Martin-Laforge was raised in the Eastern Townships, in Granby and Coaticook. An only child, she was always a big reader. Starting in grade 5, she became a boarder at Sacred Heart School in Montreal. “I had one foot in Montreal, one foot in small town regional Quebec.” With her maternal grandparents she spoke French. With her mother and her father, an Italian-American who changed his name from Martini to Martin, she spoke English. “I’m kind of a melting pot, with cultural references that are sometimes English, sometimes French. As a small child I learned the Mother Goose Rhymes. As a young adult in the late 60s, early 70s, I was into Pauline Julien and the chansonniers, and I missed out on the Rolling Stones!”
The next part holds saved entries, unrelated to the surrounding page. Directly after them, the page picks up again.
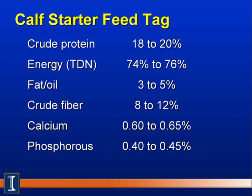A typical calf starter feed tag would list — all as fed, not dry matter — crude protein at 18% to 20%; energy, also known as TDN or metabolizable energy or net energy depending on your area, at 74% to 76% TDN; fat at 3% to 5%; and crude fiber at 8% to 12%. When crude fiber exceeds 15%, the feed becomes too bulky and high in fiber, reducing energy value. The 8% to 12% range allows for the extra fiber needed in a complete calf starter.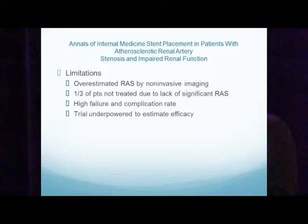The limitations of the STAR study: the degree of renal artery stenosis was overestimated by non-invasive imaging, and one-third of the patients were not treated due to an insignificant amount of renal artery stenosis. There was a high failure and complication rate, and the trial was underpowered to estimate efficacy.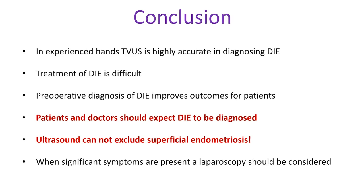In conclusion, in experienced hands transvaginal ultrasound is highly accurate in diagnosing deep infiltrating endometriosis, and the treatment of deep infiltrating endometriosis is difficult. Pre-operative diagnosis improves outcomes for patients, so patients and doctors should expect deep infiltrating endometriosis to be diagnosed. However, ultrasound cannot exclude superficial endometriosis, so when significant symptoms are present a laparoscopy should still be considered.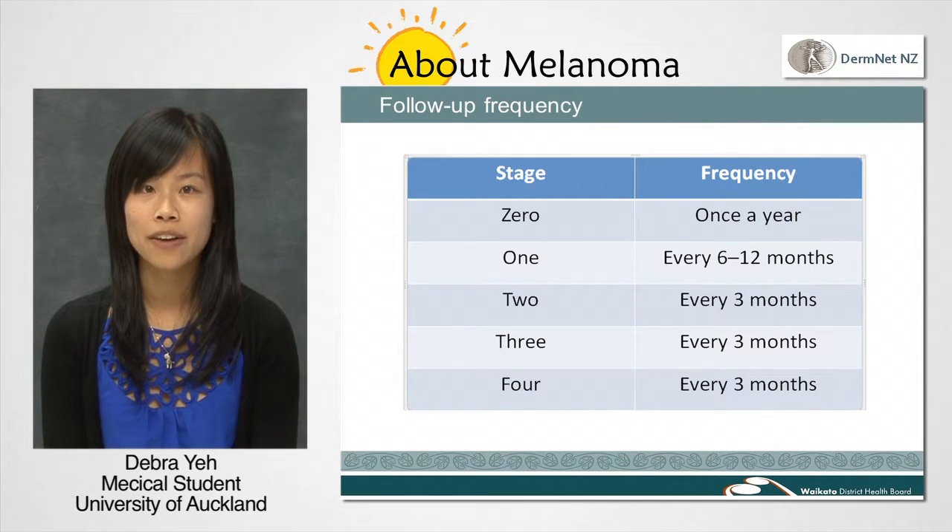Different follow-up intervals are recommended for different stages of melanoma. The different stages of melanoma range from 0 to 4. Tumor stage 0 is an in situ melanoma — a melanoma that is confined to the outside layer of the skin. It's not expected to spread, but annual skin checks are a good idea in case a new melanoma occurs.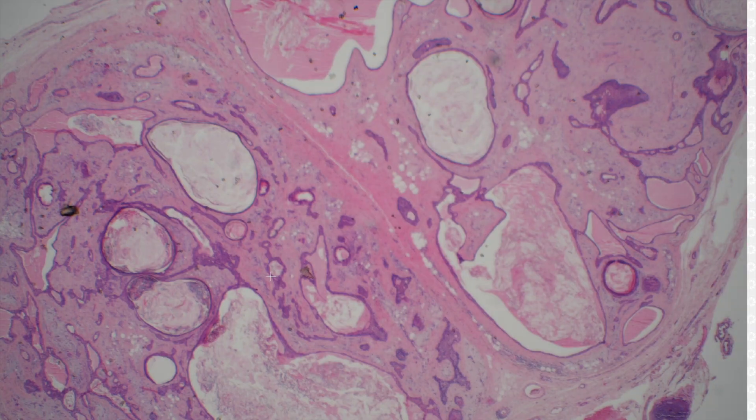Chondroid syringoma or mixed tumor. They don't have to have cartilage, which is why the name chondroid syringoma is problematic — they don't really look like a syringoma, and they're not always chondroid.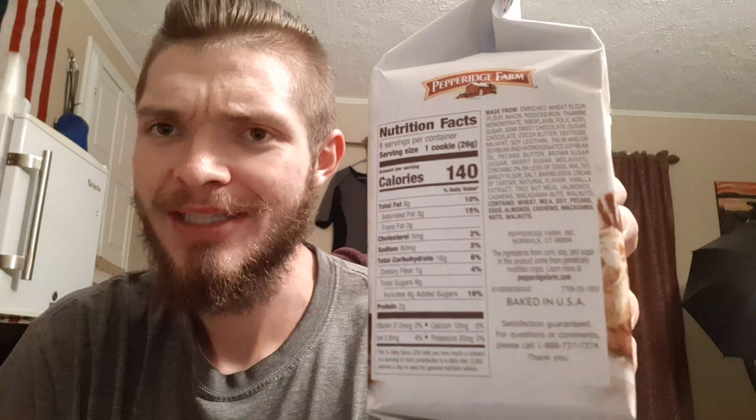Serving size is one cookie at 26 grams, 140 calories, 8 grams of fat, 16 grams of carbs, and 2 grams of protein, baked in the USA. But are the ingredients from the USA?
The Quebec Community Groups Network is devoted to advocacy and community development, to ensuring that the English community in Quebec remains vital and strong. Eight years ago, when Martin-Laforge heard about the director’s job at the QCGN, she was working on official languages in Ottawa. “I didn’t think the English speaking community in Quebec was getting its due. I thought I could help. I’ve always been interested in the minority, the underdog.” She moved back to Montreal and began developing policy for the QCGN, initially at the federal level, and more recently, provincially.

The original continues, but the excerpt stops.